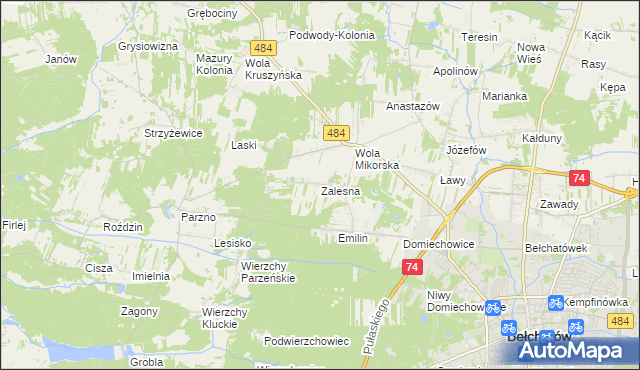 mapa Zalesna, Zalesna na mapie Targeo
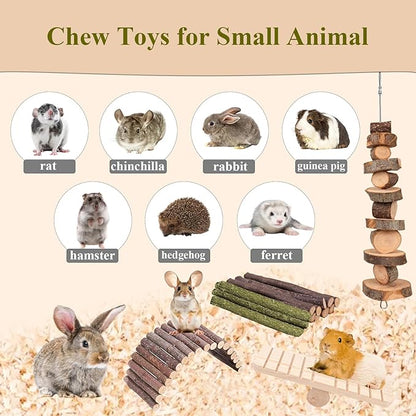 Grddaef Hamster Toys, Guinea Pig Chew Toys Small Animal Enrichment Toys Cage Accessories for Chinchilla Gerbils Rats Bunny Mouse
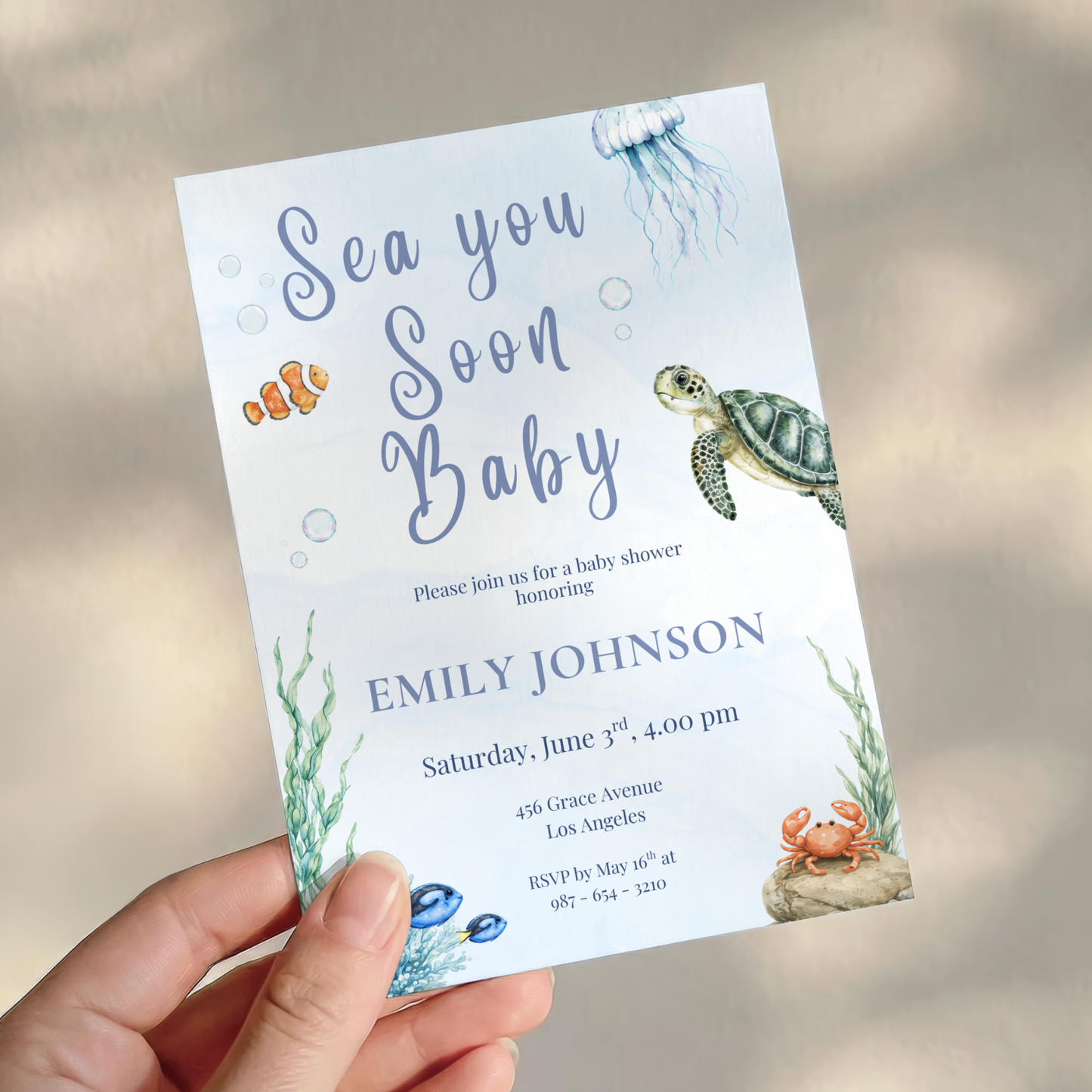 Sea You Soon Baby Shower Invitation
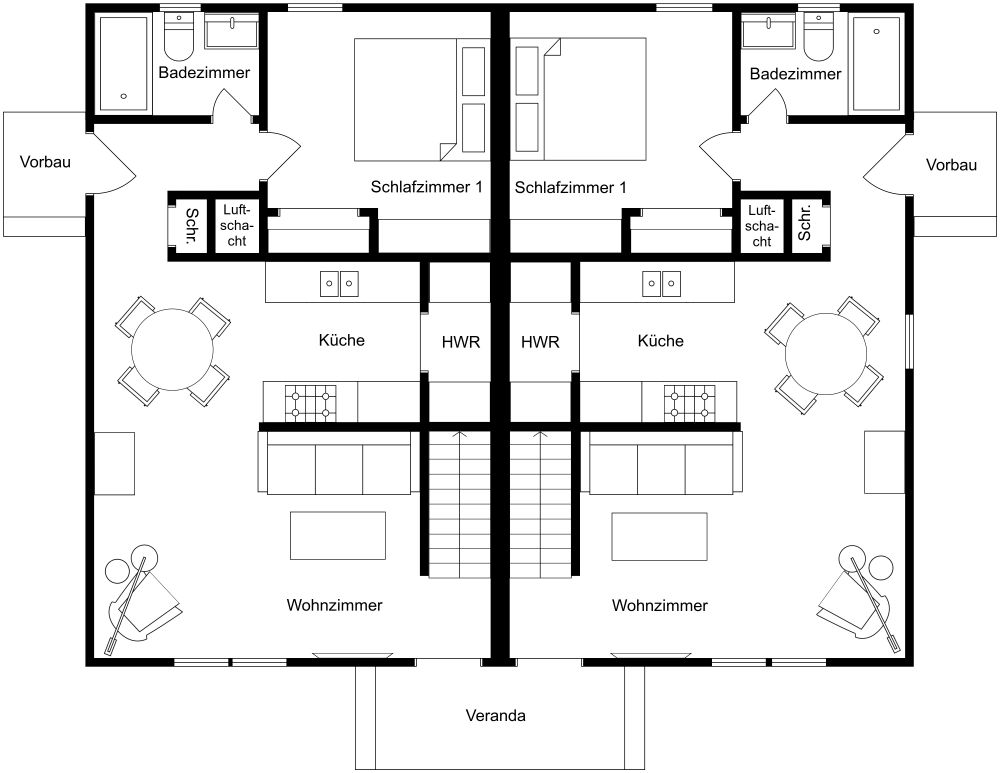 Duplex Plan 2D Grundrisse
——
_About this task_: Leaving the pictures aside, transcribe the entire listing exactly.

_Task answer_:
 mapa Zalesna, Zalesna na mapie Targeo
 Grddaef Hamster Toys, Guinea Pig Chew Toys Small Animal Enrichment Toys Cage Accessories for Chinchilla Gerbils Rats Bunny Mouse
 Sea You Soon Baby Shower Invitation
 Duplex Plan 2D Grundrisse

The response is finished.